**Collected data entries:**
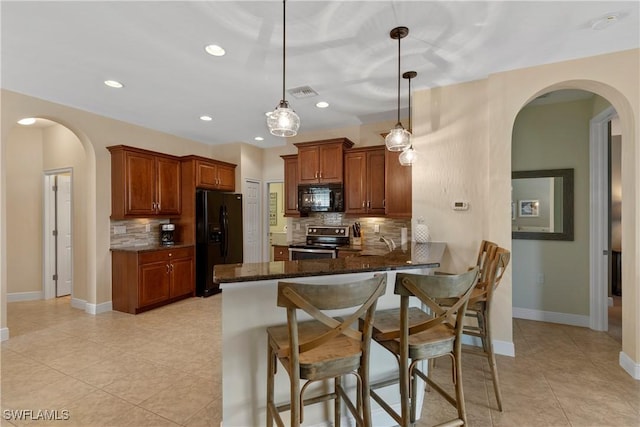 kitchen with arched walkways, black appliances, dark stone countertops, a peninsula, and a kitchen breakfast bar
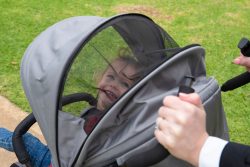 child peeking through mesh sunroof of stroller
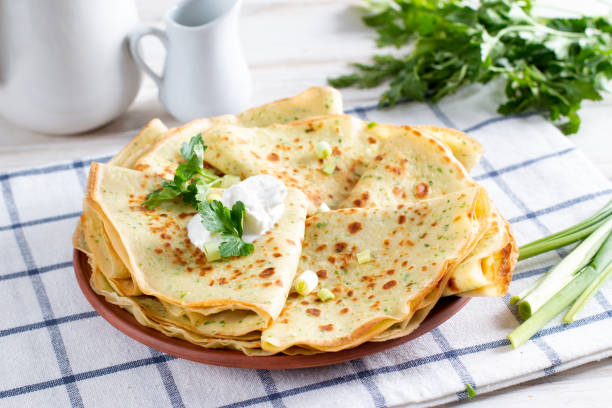 a stack of pancakes with fresh dill and onions on a white plate. traditional russian pancakes for maslenitsa. - baking flour ingredient animal egg imagens e fotografias de stock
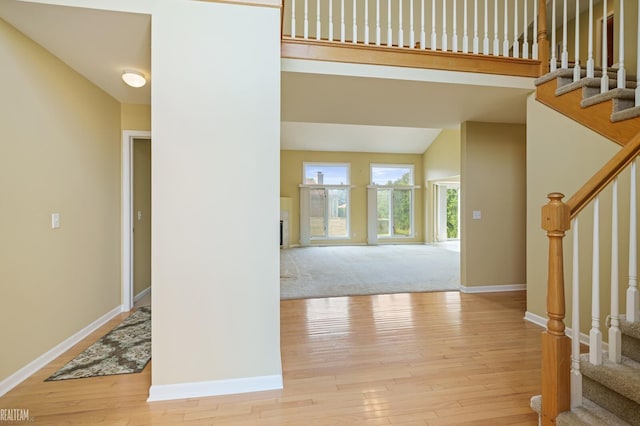 14060 Wayford Run, Shelby Twp, MI 48315 - entryway featuring stairs and hardwood / wood-style flooring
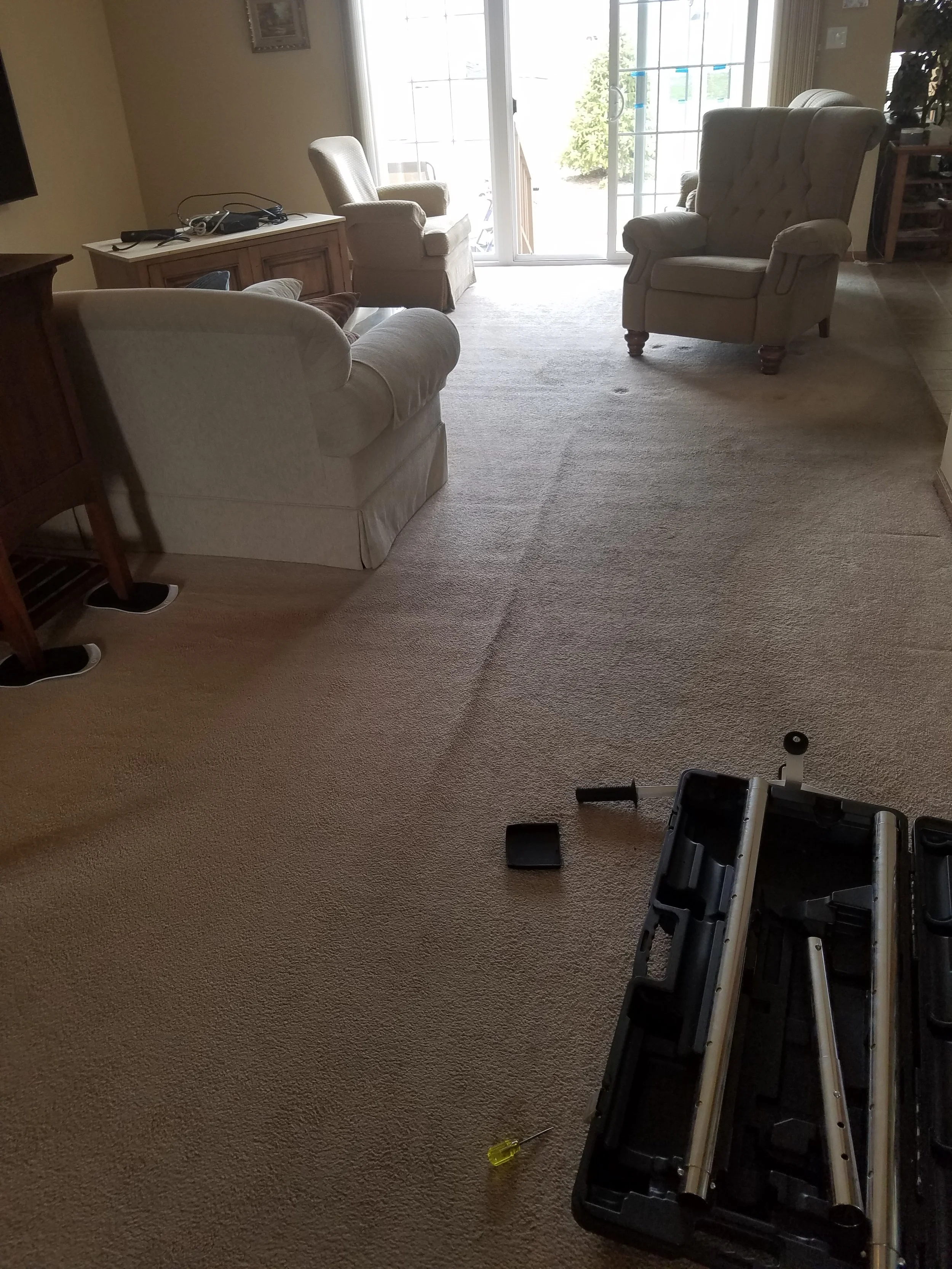 Living room with beige carpet, cream-colored upholstered chairs, a TV stand with electronic devices, sliding glass door leading outside, and a partially disassembled piece of furniture with a yellow screwdriver on the floor.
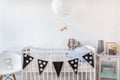 White cot with decoration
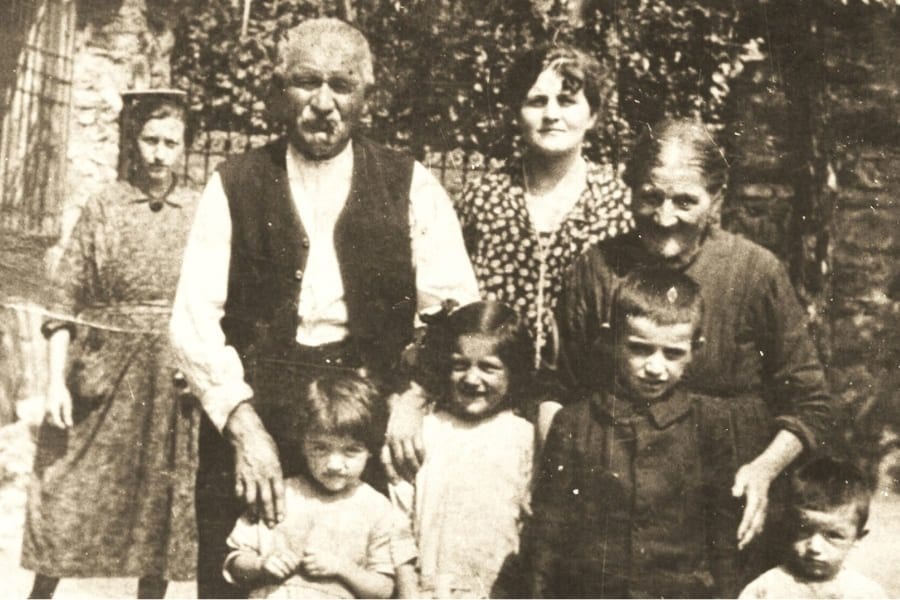 A sepia family photograph: an older man in a dark waistcoat and an older woman stand among a young woman and several children in a garden before a stone wall and foliage.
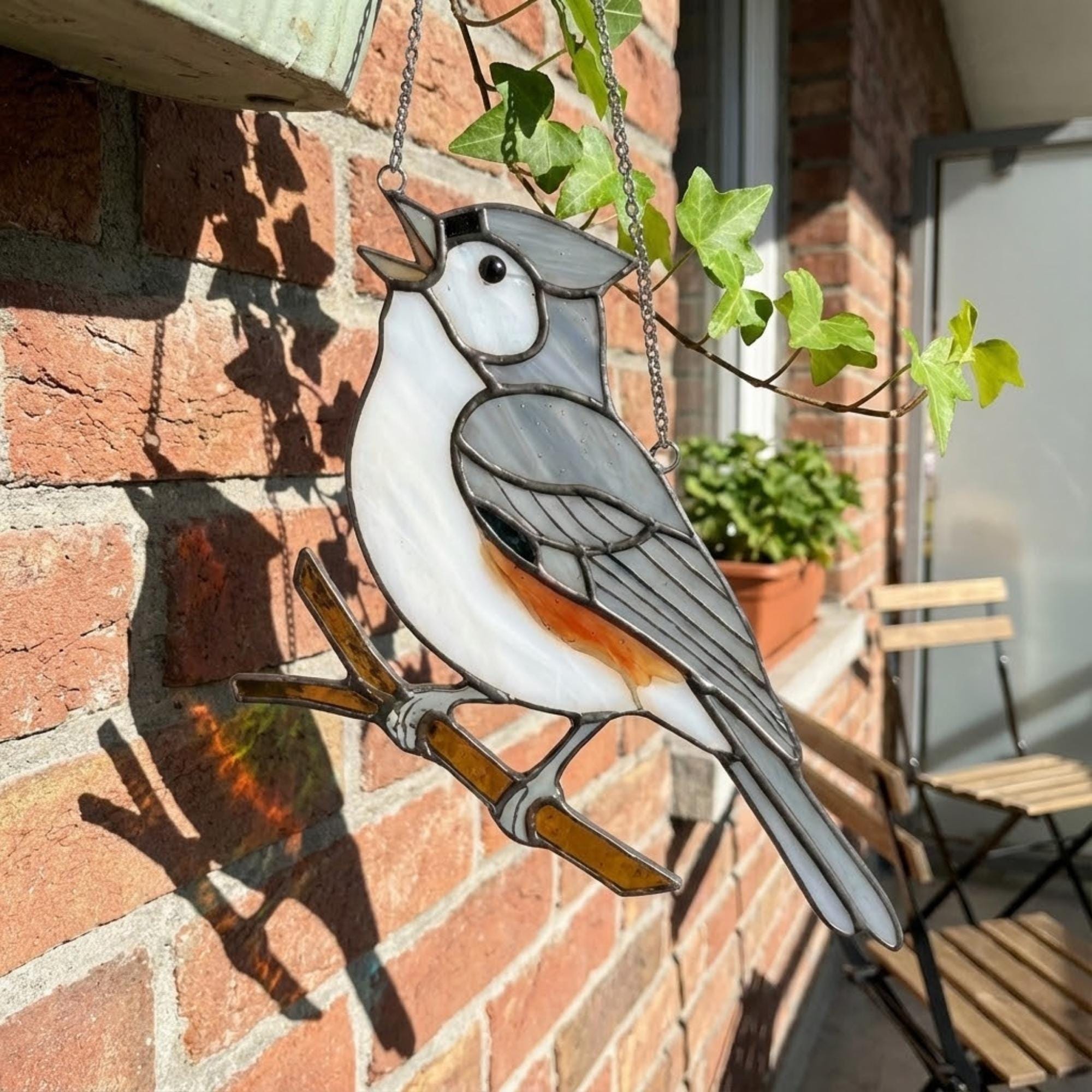 Stained glass Black-capped Chickadee bird suncatcher on branch hanging on window, handmade Maine and Massachusetts state bird gift, realistic nature decor by LuzyGlassArt.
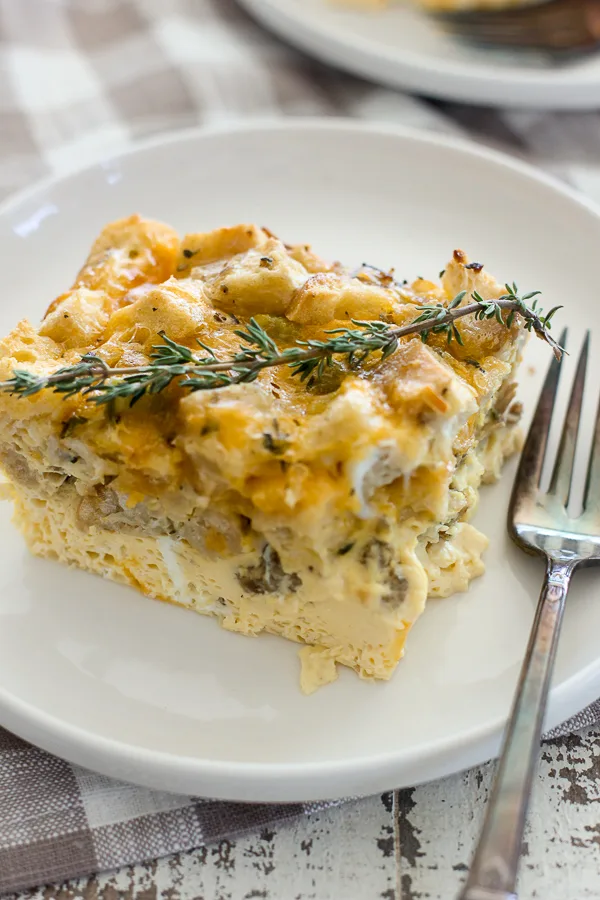 Close up photo of plated sourdough stuffing egg casserole garnished with a sprig of thyme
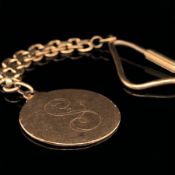 AN 18ct GOLD UNHALLMARKED KEYRING. THE ROUND DISC WITH AN ENGRAVED INITIAL S, COMPLETE WITH 18ct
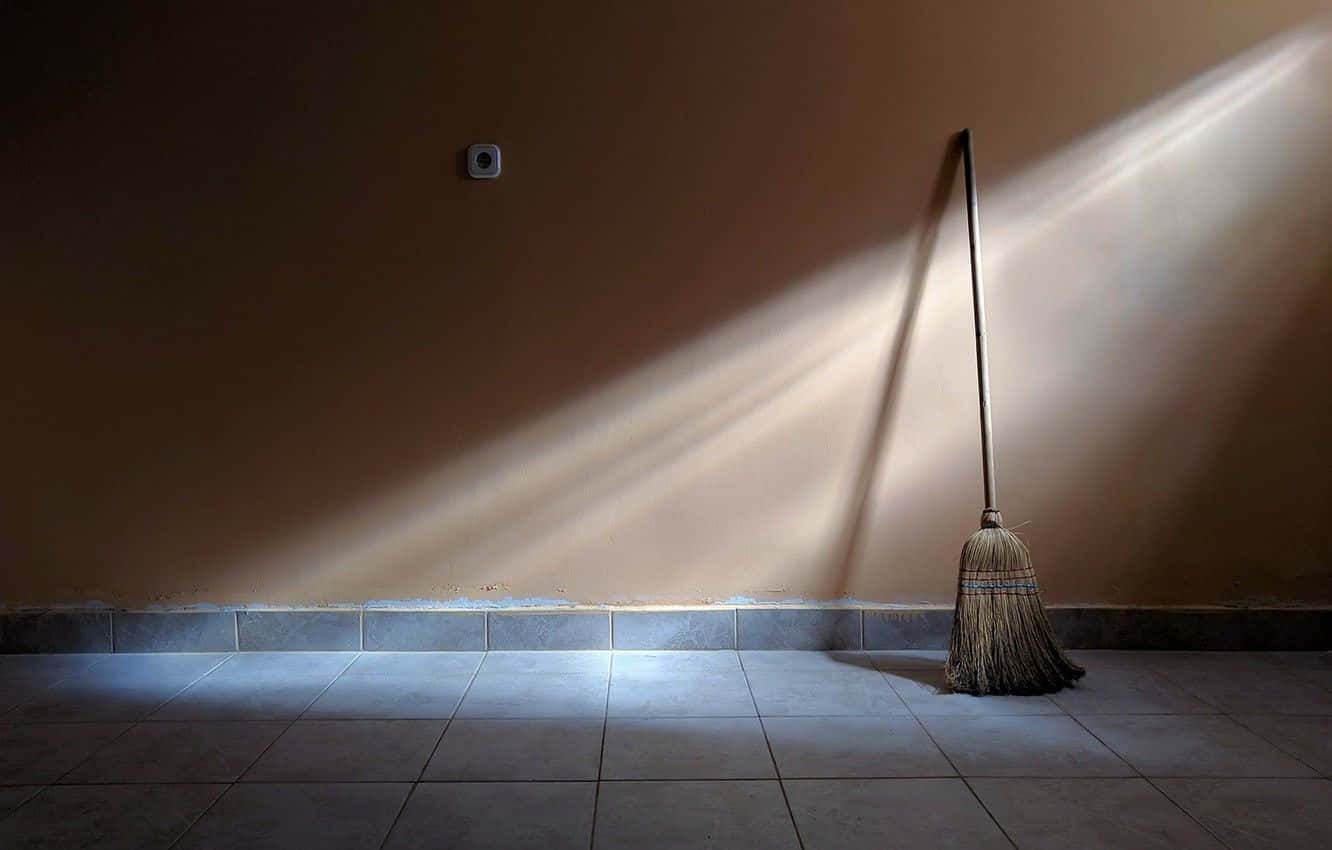 A Broom Leaning Against A Wall In A Room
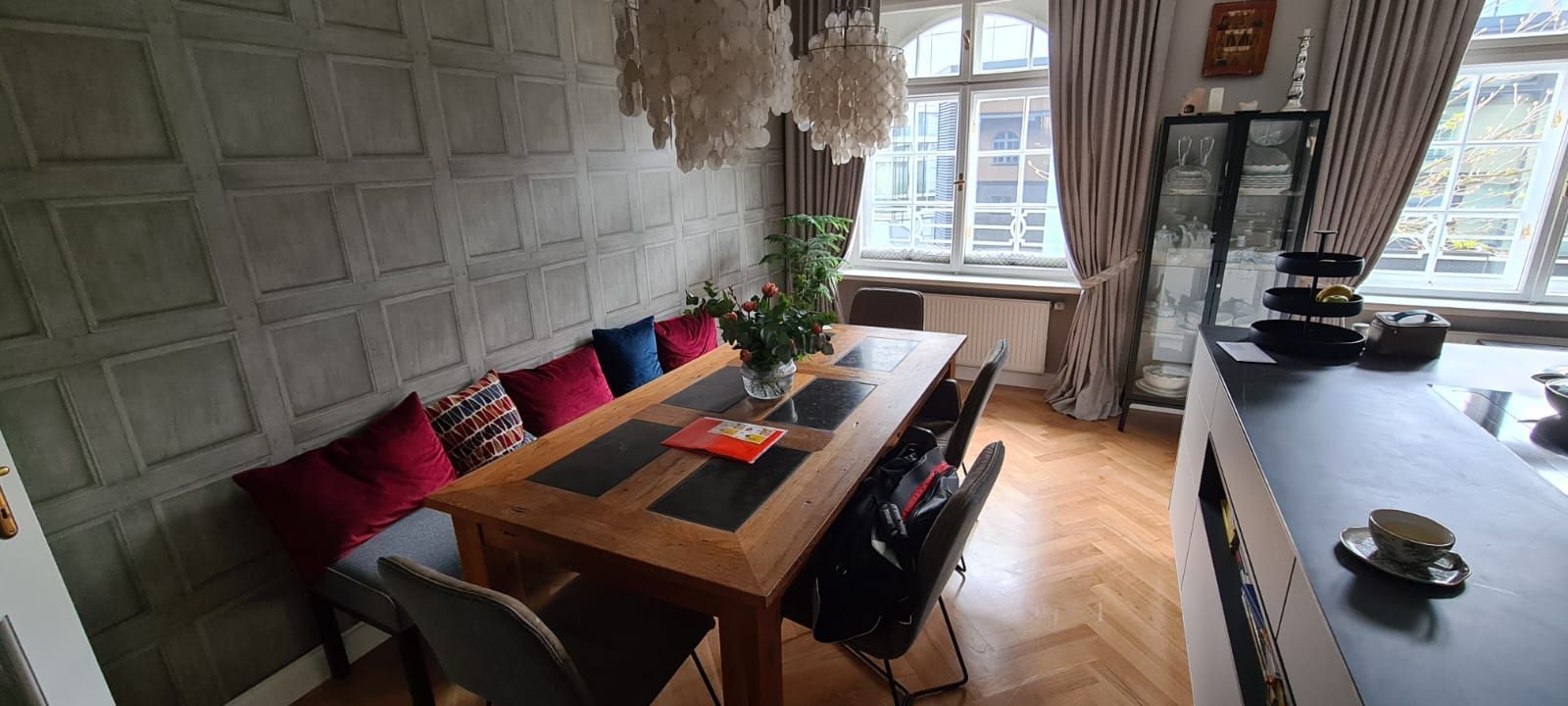 Ein Esszimmer mit einem Holztisch und Stühlen und einem Fenster.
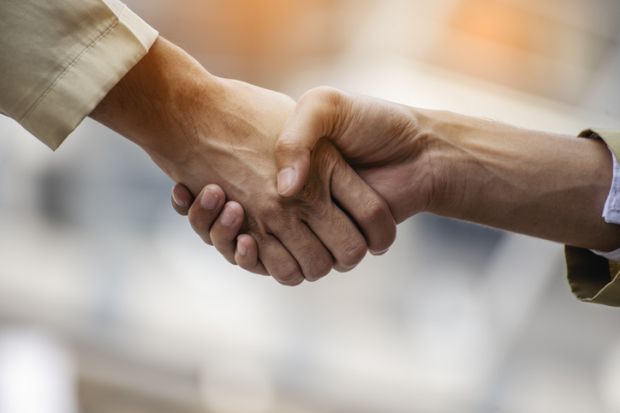 Two people shaking hands Two people shaking hands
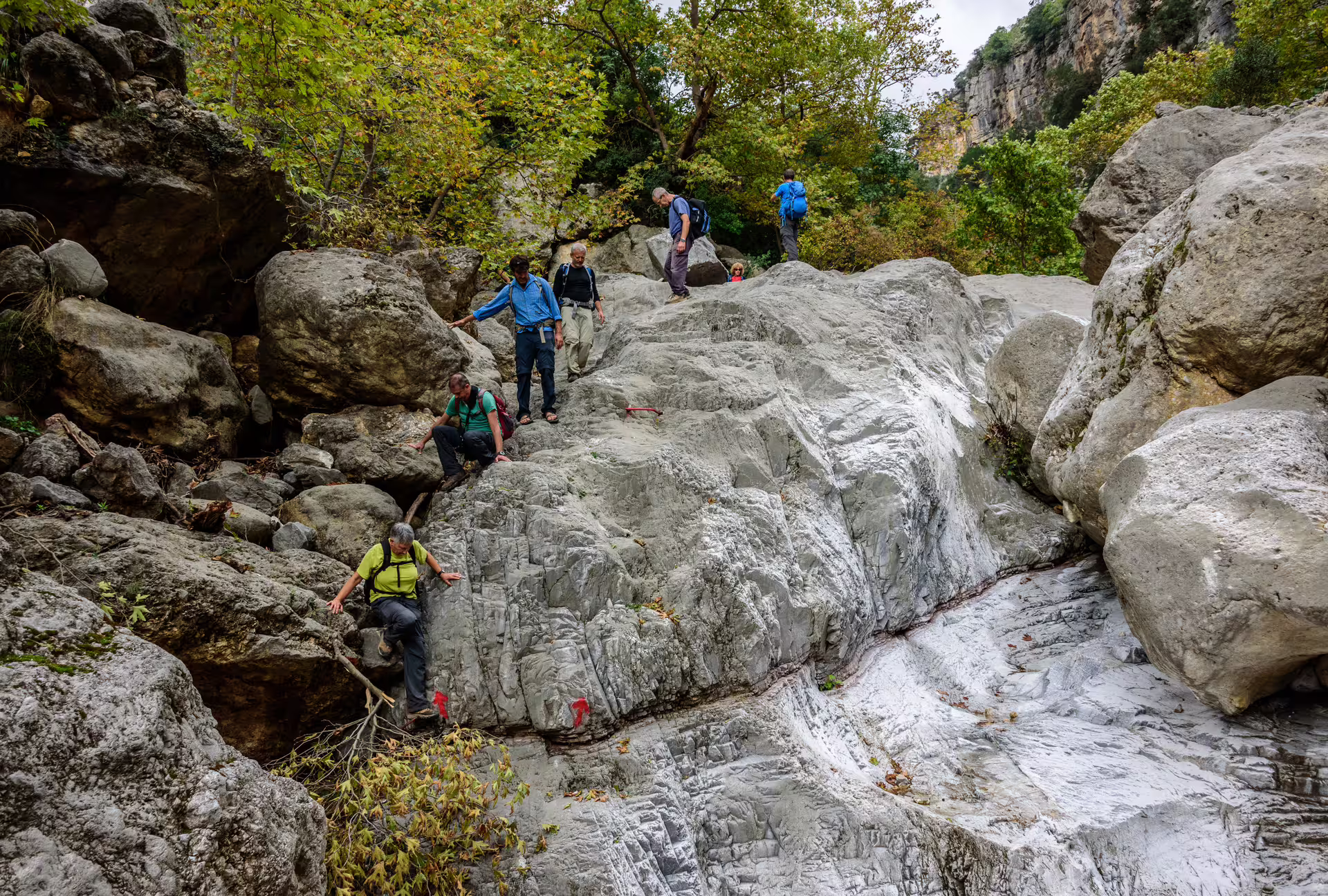 Hikers scrambling over smooth limestone boulders in Ridomo Gorge on a guided canyon hiking adventure in Greece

**Exercise directions:**
Copy the lines exactly as they appear from the opening of the entries above through the line with "child peeking through", excluding all pictures.

**Written response:**
 kitchen with arched walkways, black appliances, dark stone countertops, a peninsula, and a kitchen breakfast bar
 child peeking through mesh sunroof of stroller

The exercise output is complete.